**YOUR ASSIGNMENT**
Within the entries below, the lines from the one with "Wireless PCB Voltage" through the one with "Juanita Cotton Cable Knit" are to be set down exactly, both ends kept.

** Opening AVAILABLE DATA block **

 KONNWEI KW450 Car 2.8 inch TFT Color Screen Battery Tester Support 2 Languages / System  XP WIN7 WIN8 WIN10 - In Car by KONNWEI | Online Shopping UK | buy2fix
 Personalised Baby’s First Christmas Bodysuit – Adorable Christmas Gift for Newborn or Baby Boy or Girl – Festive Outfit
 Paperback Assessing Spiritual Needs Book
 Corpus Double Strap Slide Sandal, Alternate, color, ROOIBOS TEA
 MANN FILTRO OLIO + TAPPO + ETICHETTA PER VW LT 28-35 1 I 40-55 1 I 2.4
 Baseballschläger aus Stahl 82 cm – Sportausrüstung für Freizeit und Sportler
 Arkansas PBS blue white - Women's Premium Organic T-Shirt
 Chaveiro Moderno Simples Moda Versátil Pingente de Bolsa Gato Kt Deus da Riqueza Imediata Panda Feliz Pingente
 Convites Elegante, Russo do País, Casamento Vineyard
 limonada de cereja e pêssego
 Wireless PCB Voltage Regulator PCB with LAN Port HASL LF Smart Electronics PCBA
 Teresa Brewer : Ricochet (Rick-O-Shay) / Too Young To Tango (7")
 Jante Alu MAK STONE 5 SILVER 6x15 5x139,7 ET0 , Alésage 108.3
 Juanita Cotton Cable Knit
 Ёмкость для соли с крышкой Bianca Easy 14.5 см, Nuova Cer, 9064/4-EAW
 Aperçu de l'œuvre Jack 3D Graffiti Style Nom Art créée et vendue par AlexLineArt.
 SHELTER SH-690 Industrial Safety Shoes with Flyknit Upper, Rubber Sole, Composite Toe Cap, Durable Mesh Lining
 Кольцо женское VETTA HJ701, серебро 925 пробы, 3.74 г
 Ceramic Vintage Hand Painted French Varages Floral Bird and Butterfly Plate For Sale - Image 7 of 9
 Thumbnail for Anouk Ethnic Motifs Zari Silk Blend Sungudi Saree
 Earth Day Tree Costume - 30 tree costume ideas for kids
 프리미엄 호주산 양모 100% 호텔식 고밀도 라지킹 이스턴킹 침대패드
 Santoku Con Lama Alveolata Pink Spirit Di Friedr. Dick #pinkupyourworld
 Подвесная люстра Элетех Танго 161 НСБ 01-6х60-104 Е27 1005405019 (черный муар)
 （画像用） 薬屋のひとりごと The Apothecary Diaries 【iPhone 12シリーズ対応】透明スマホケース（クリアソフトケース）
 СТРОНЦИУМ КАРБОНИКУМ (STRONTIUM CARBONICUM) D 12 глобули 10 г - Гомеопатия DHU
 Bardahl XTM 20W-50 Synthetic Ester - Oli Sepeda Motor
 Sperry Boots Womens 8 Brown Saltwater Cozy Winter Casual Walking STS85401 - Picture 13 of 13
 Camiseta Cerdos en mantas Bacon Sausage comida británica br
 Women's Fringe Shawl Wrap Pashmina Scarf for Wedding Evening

** Closing AVAILABLE DATA block **

**OUTPUT FOR THIS EXERCISE**
 Wireless PCB Voltage Regulator PCB with LAN Port HASL LF Smart Electronics PCBA
 Teresa Brewer : Ricochet (Rick-O-Shay) / Too Young To Tango (7")
 Jante Alu MAK STONE 5 SILVER 6x15 5x139,7 ET0 , Alésage 108.3
 Juanita Cotton Cable Knit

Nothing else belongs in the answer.